While preparing your application to support localization, probably the most tedious step consists of extracting the string literals from the source code and adding the code that loads these strings from the resource string table.
Adding the code to extract the strings is not difficult. But since it must be performed hundreds of times in an application, we need to simplify the code as much as possible. That can save us hours of boring work. Also, the resulting code should be as readable as possible. Which gives us a second good reason to use the simplest possible code.
This article features two small yet very helpful classes that do just that: load string literals from the String table with as little and non-intrusive calling code as possible.
It also covers a few string formatting considerations related to localization requirements.
Why should I use the string table?
While preparing for localization and translation of your app, all translatable items (such as strings) must be stored in the resources instead of in the source code, in order to keep translators away from your source code. Localization tools such as appTranslator can easily manipulate your application resources, but you don't want them to play with your source code!
Therefore, all the strings that need to be translated must be stored in the resources. And the String table is the appropriate location.
Note: You may want to store strings in the Message table, which is an alternative resource that looks much like the String table. Although originally designed for better localization support, it is less often used. In addition, Visual Studio does not provide a custom editor for the Message table, making it much less appealing. Daniel Lohmann wrote an excellent article about the Message table.

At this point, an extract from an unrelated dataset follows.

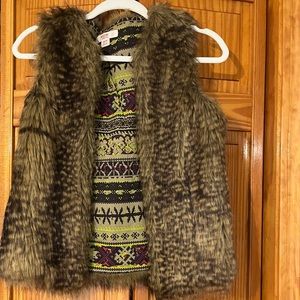 Faux fir vest. Size Xs.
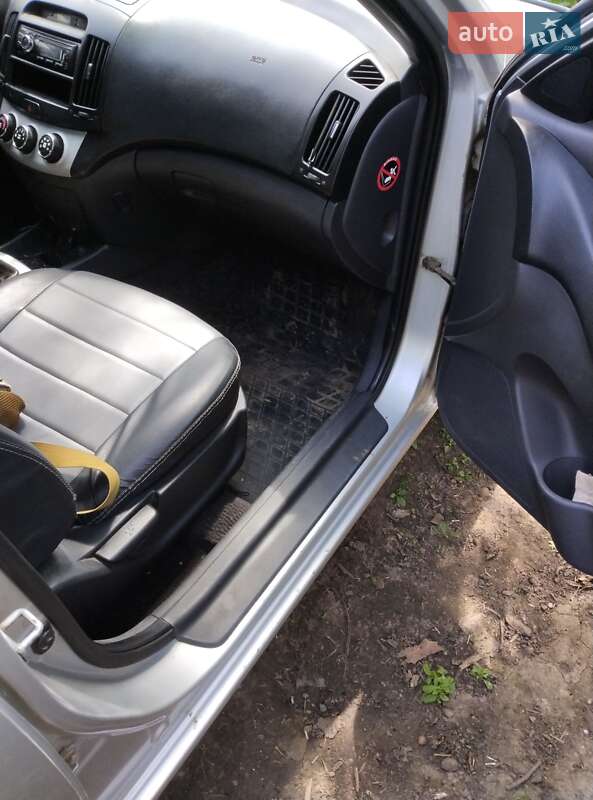 Седан Hyundai Elantra 2008 в Смеле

The LoadString() API: Not straightforward enough
Programmatically extracting a string from the String table involves calling the
LoadString() API. Using the raw API is extremely tedious and boring. And since most serious apps contain hundreds or thousands of string literals, one absolutely needs a wrapper that's as easy and straightforward to use as possible.
Note: In addition, the
LoadString() API suffers from a design limitation: it cannot give you the size of the string that you want to load, making it difficult to properly allocate a buffer to load the string.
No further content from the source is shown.